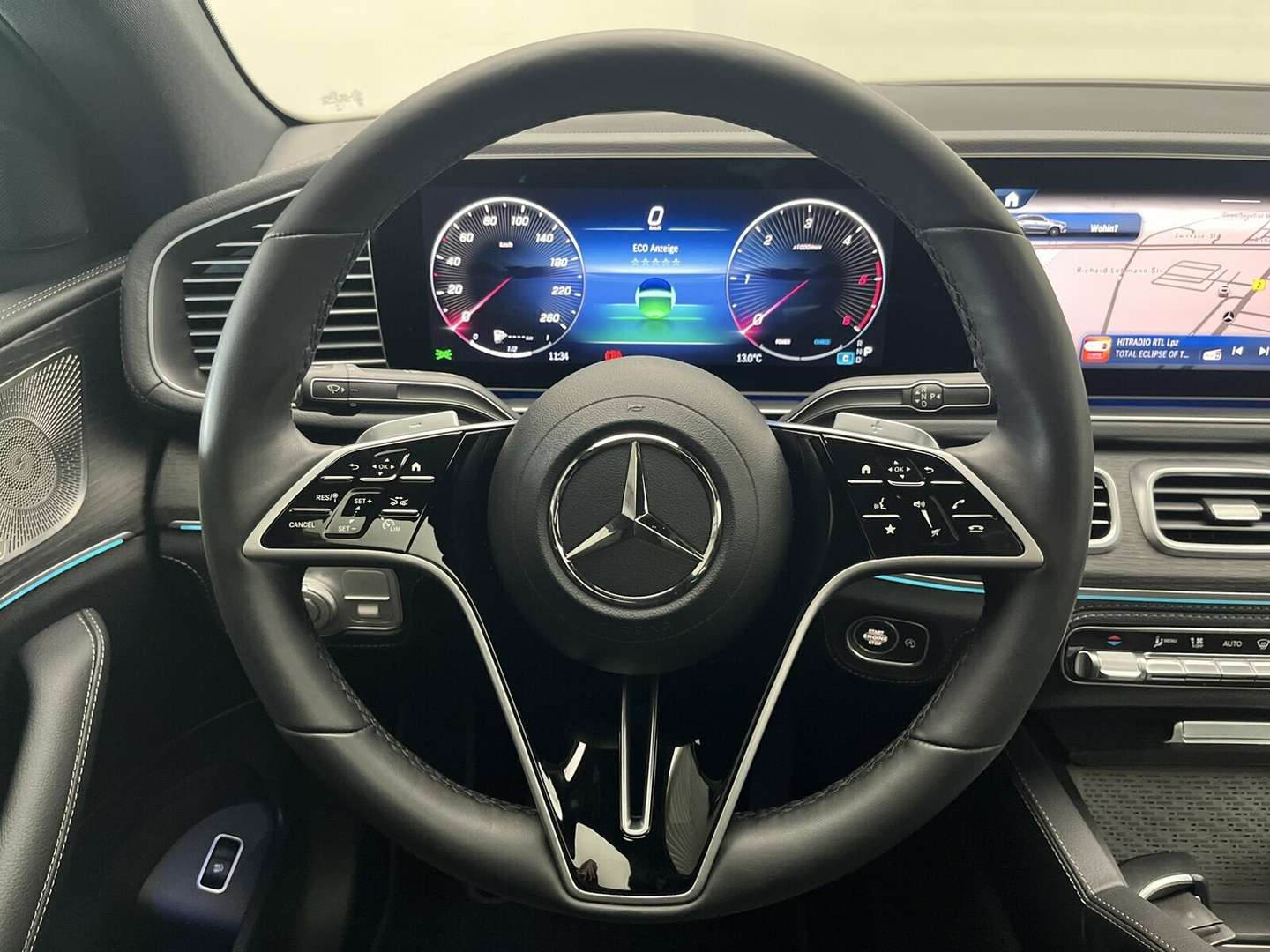 Mercedes GLE Coupé 450 Premium Plus - 2025 - Joinsteer - #13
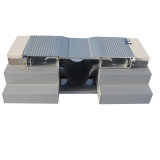 Construction Metal Expansion Joint in Concrete Slab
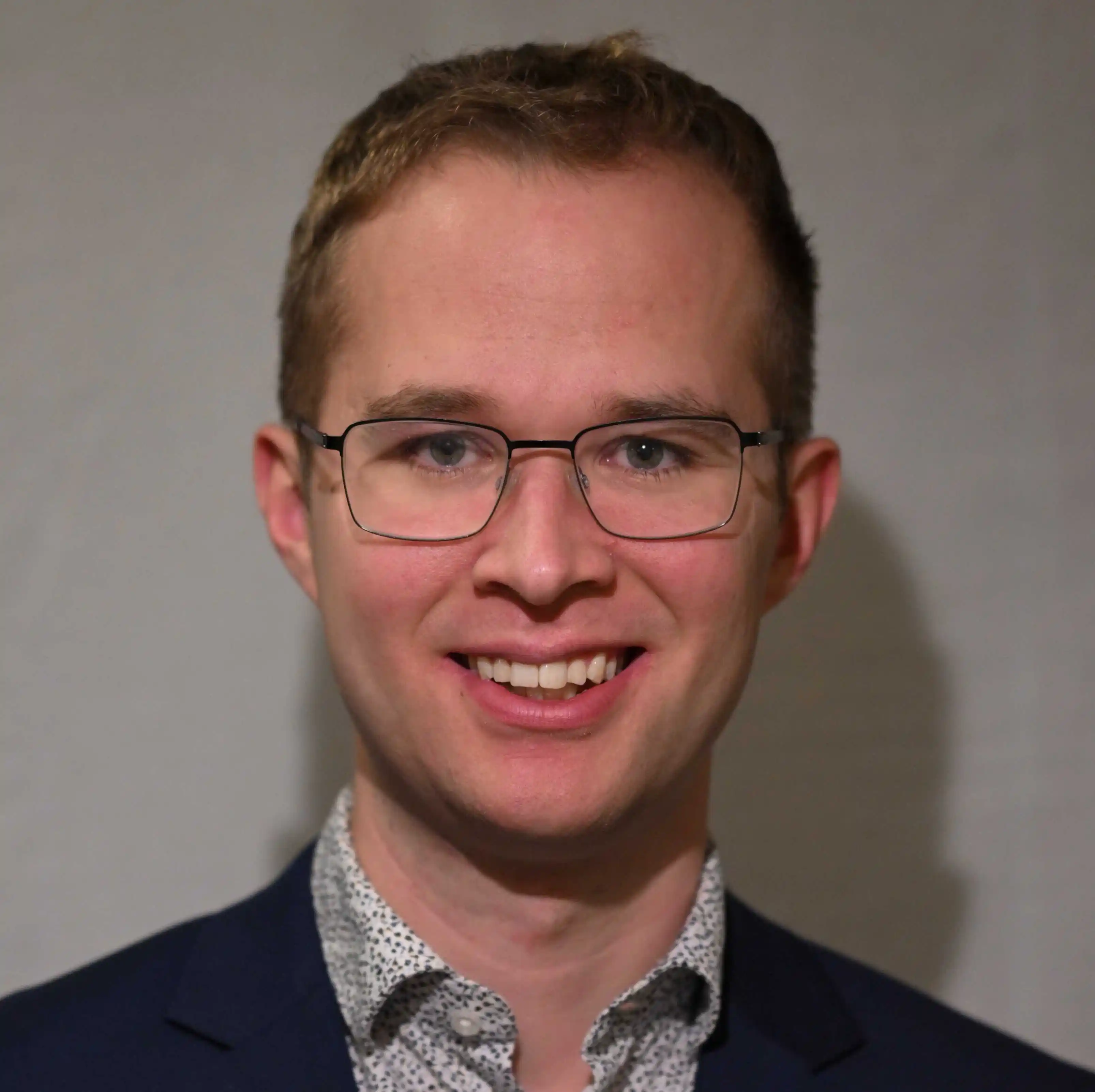 Pontus Lindgren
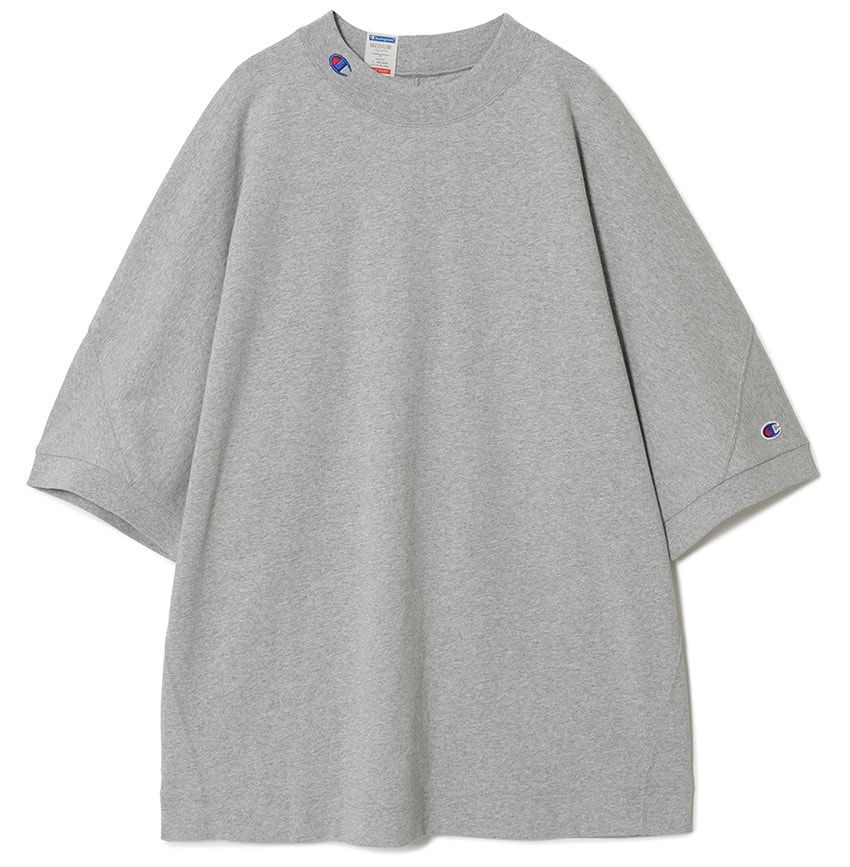 「N.ハリウッド×チャンピオン」の“ニューウィーブ”新作は50年代のディテールを再構築 - 2枚目の画像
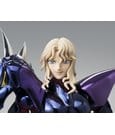 Saint Seiya Saint Cloth Myth EX Action Figure Alpha Dubhe Siegfried 40th Anniversary Ver. 18 cm by Bandai Tamashii…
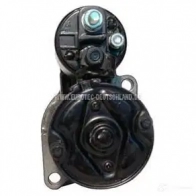 Стартер EUROTEC BU54S ZH 4250294710789 2570263 11090017 - Изображение 3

-------------------------

▶ [Description of the task]:
Please output the entire listing above verbatim and omit its images.

▶ [Answer space]:
 Mercedes GLE Coupé 450 Premium Plus - 2025 - Joinsteer - #13
 Construction Metal Expansion Joint in Concrete Slab
 Pontus Lindgren
 「N.ハリウッド×チャンピオン」の“ニューウィーブ”新作は50年代のディテールを再構築 - 2枚目の画像
 Saint Seiya Saint Cloth Myth EX Action Figure Alpha Dubhe Siegfried 40th Anniversary Ver. 18 cm by Bandai Tamashii…
 Стартер EUROTEC BU54S ZH 4250294710789 2570263 11090017 - Изображение 3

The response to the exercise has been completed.